A economista Silvia Matos, coordenadora do Boletim Macro do Ibre/FGV, estima uma expansão do consumo de quase 2% neste ano e acima desse patamar em 2020, com esse componente voltando aos níveis verificados no último trimestre de 2014.

“A gente vê o consumo das famílias acelerando fortemente. Tem liderado o crescimento da economia brasileira. O investimento está vindo, mas ainda cresce muito pouco diante das perdas [dos últimos anos]. É o consumo que está ditando essa recuperação”, afirma a economista.

Matos afirma que a economia irá terminar o ano melhor do que começou (houve retração no primeiro trimestre), com melhora nas condições financeiras para famílias e empresas. 

O alto nível de incertezas —econômicas, regulatórias e políticas—, no entanto, ainda impede uma recuperação mais rápida dos investimentos.

“As decisões de investimento dependem de previsibilidade, e não sabemos como será a reforma tributária, como será o preço do gás, como vai ser a tributação do trabalho.
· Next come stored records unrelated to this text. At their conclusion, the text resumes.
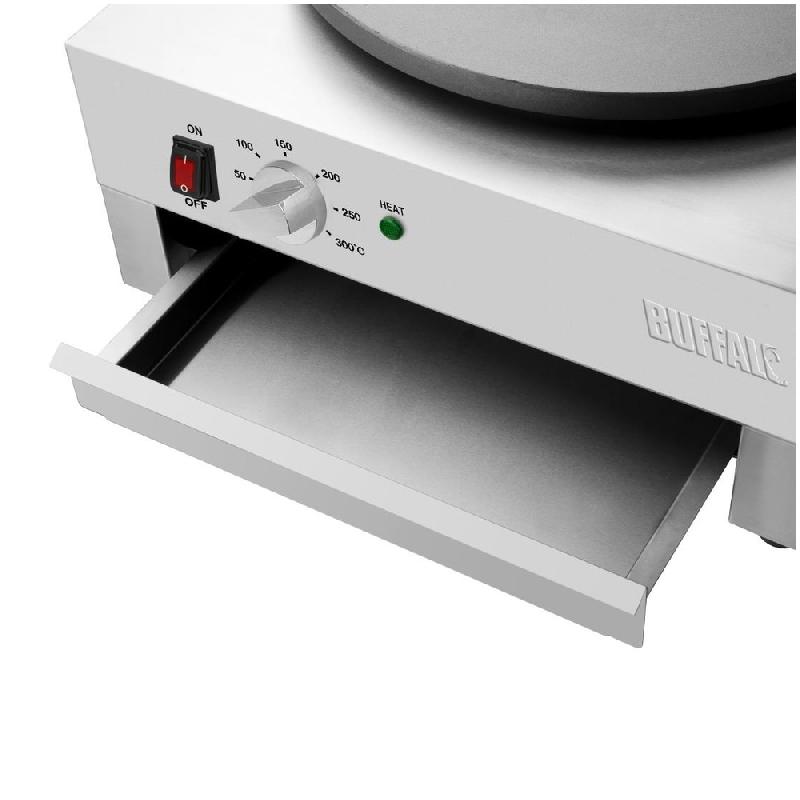 Crêpière électrique - ø 40 cm - chassis carré | Buffalo - CT931_5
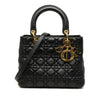 Dior Medium Lambskin Cannage Lady Dior Secondhand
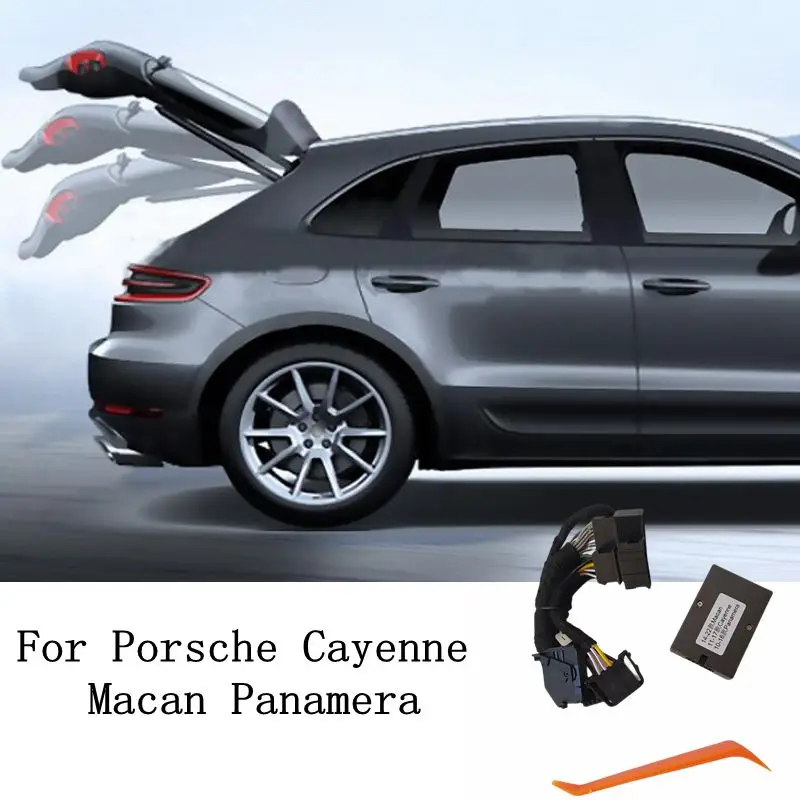 Пульт дистанционного управления на багажник для Porsche Cayenne Macan Panamera, Электрический модуль переключателя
Além disso, existe essa incerteza na política”, diz a economista.

Em relação aos setores da economia, comércio e outros serviços devem continuar a crescer em ritmo superior aos demais segmentos, a construção pode parar de encolher, e a indústria deve continuar no vermelho, de acordo com as estimativas do Ibre/FGV.

 

Esse cenário é o que o Iedi (Instituto de Estudos para o Desenvolvimento Industrial) tem chamado de “um crescimento sem indústria”.

“Quem está mostrando consistência, repetição de desempenhos positivos desde o início do ano, é o comércio, principalmente alavancado pela fração que depende do crédito, os duráveis e também semiduráveis”, diz o economista Rafael Cagnin, do Iedi.

“Isso vem da melhora do crédito das famílias e da redução parcial das taxas de juros, pois os cortes da Selic vieram em uma velocidade rápida e não foram acompanhados pelas taxas dos empréstimos.”

Desde julho, o Copom (Comitê de Política Econômica) do Banco Central reduziu a taxa de juros em 1,5 ponto percentual, de 6,5% para 5% ao ano. Foram três cortes de 0,5 ponto percentual cada um.

Cagnin afirma que a melhora no mercado de trabalho ainda é muito frágil e baseada em empregos de má qualidade, o que dificulta que as famílias voltem a consumir de maneira regular. 

Isso explica, segundo ele, por que o comércio e a indústria de bens não duráveis não recuperaram ainda suas vendas.

Para ele, o cenário de recuperação mais forte da economia não está garantido.

No setor industrial, os dados do IBGE mostram que 60% dos segmentos ainda estão com resultados negativos neste ano. “Uma recuperação sem indústria e com crescimento insuficiente do investimento não tem consistência”, diz o economista do Iedi.

De acordo com Cagnin, a indústria é um ramo importante para difundir crescimento econômico, pois possui cadeias de produção mais longas, que demandam insumos e serviços, além de gerar empregos de melhor qualidade (formais e com salários mais elevados).

Nos nove primeiros meses de 2019, o setor industrial acumula retração de 1,4%, de acordo com o IBGE. Em 12 meses até setembro, a retração é de 1,4%.

Além de questões como ociosidade, mudança na estrutura de financiamento (público para privado) e demanda deprimida, o economista diz que a incerteza que vem da esfera política e fatores externos podem atrapalhar a recuperação da economia no próximo ano. 

Para ele, há o risco de, mais uma vez, as projeções de um PIB avançando em ritmo próximo de 2% se frustrarem.

“Depois de três anos crescendo 1%, não tenho tanta confiança de um crescimento mais forte em 2020. Tem muita coisa em jogo. Podemos chegar perto de um crescimento de 2%, mas é preciso construir esses 2%. Tem de ver o quanto a liberação do FGTS vai dar de impulso econômico, se vai funcionar na mesma intensidade agora.”

A mais recente estimativa de mercado (boletim Focus) para o crescimento do PIB é de 0,92% para 2019 e de 2,17% para para o ano que vem.